The hard part about the knocking style is to get used to realy striking the strings instead of plucking them, even if you use the nail. The hand comes down in a striking motion, hitting individual strings or groups of strings, depending on what's needed. The basic pattern is strike/pause/brush/thumb, giving a ONE and-a beat (i.e., two repeats per measure of 2/4 fiddle-tune rhythm). I always think of Pete Seeger's mnemonic "Bum-titty, bum-titty" for a measure of banjo playing. That pause is when the hand rebounds for the next down stroke, and the thumb after the "tit" part is NOT a pluck in terms of moving the thumb, but is instead a lift of the whole hand, the thumb having come to rest on the 5th string at the end of the down brush of the hand. In other words, the thumb, by lifting the hand, helps get the hand ready for more down-strokes and incidentally sounds the tumb string (it does pluck the string, of course, but it's not a "fishing expedition" or actually separate motion).

Old-time banjos up until about 1920 were strung with gut strings (with a wound 4th string, not a metal string as such), but are typically nowadays strung with wire. Some folks still prefer the gut (or its replacement, nylon) string sound. I have five banjos -- two gut-strung, two steel-strung, and one interchangeable. One each of the gut- and steel-strung instruments is fretted, the other is fretless. So I can get the sound I want from the banjo that matches it.

Commercial advertisement -- I am the publisher and writer of "The Old-timey Banjo Book," which I still have copies of. I'll sell 'em for $7.50 postpaid. Email me at rjclayton@aol.com for a mailing address. A few 'catters have the books, and I hope they have been helpful (the books, not the 'catters).

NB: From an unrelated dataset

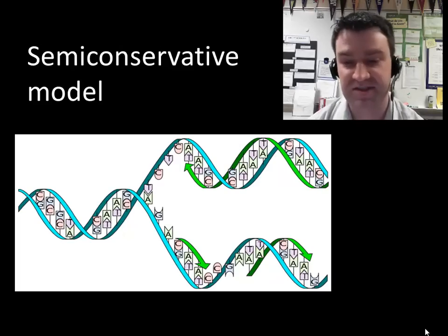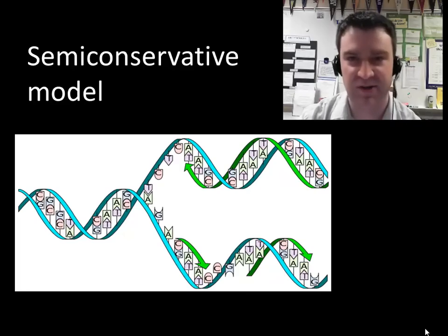This follows what we call the semi-conservative model of replication. The idea is that each copy is half old — one of the strands is the old parental strand, and one is the new copy strand. The original DNA is split up, and copy strands form alongside each. So each copy will be half old, half new — we're conserving the original copy of the DNA in each of the two resulting copies.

This has gotten long enough that I will stop now. I'll check back on the thread later to see if there are any other unanswered questions (like "You didn't mention drop-thumb playing.").

Bob Clayton rjclayton@aol.com


02 Mar 00 - 01:58 PM (#188203)
Subject: RE: What is clawhammer style
From: Rex

Well I was curious about Bob's book. He's got good credentials, hanging out with those Smithsonian folks and all. So I ordered one from him. It arrived last week but it wasn't until last night that I was able to break out a banjo and look through it. I was getting it with another picker starting out in mind. But there was things in there to help me too. A pulloff there where I hadn't thought of it, and I never could do that drop thumb stuff. He also tells of some of those delightful alternate tunings and how to get there from "G" and what to do when you get there. Now mind you, this book was done in '76. The old bicentennial. There weren't no CAD and there weren't no wordprocessors. You won't find full color images and fancy fonts. This book was made by hand. It's well laid out with good diagrams and some nice drawings placed here and there. There's even a drawing of Bob on the back. Though judging from his mudcat photo, he don't look as youthful as he did in '76. Well neither do I. Anyway, Bob don't know me from Adam. I'm just letting you folks know that here's a good book if you want to learn old-time banjo and it's well worth the price.

Rex


02 Mar 00 - 03:26 PM (#188259)
Subject: RE: What is clawhammer style
From: Uncle_DaveO

Speaking of Seeger's descriptive expression for the rhythm, "bum-titty", Dwight Diller says for his style that's all wrong. It should be (bum) titty-BUM, titty-BUM, titty-BUM, titty-BUM.

Dave Oesterreich


02 Mar 00 - 03:32 PM (#188268)
Subject: RE: What is clawhammer style
From: Mooh

Sorry I haven't read every letter here. Has anybody mentioned Ken Pearlman? Great clawhammer guy, with instruction books I think.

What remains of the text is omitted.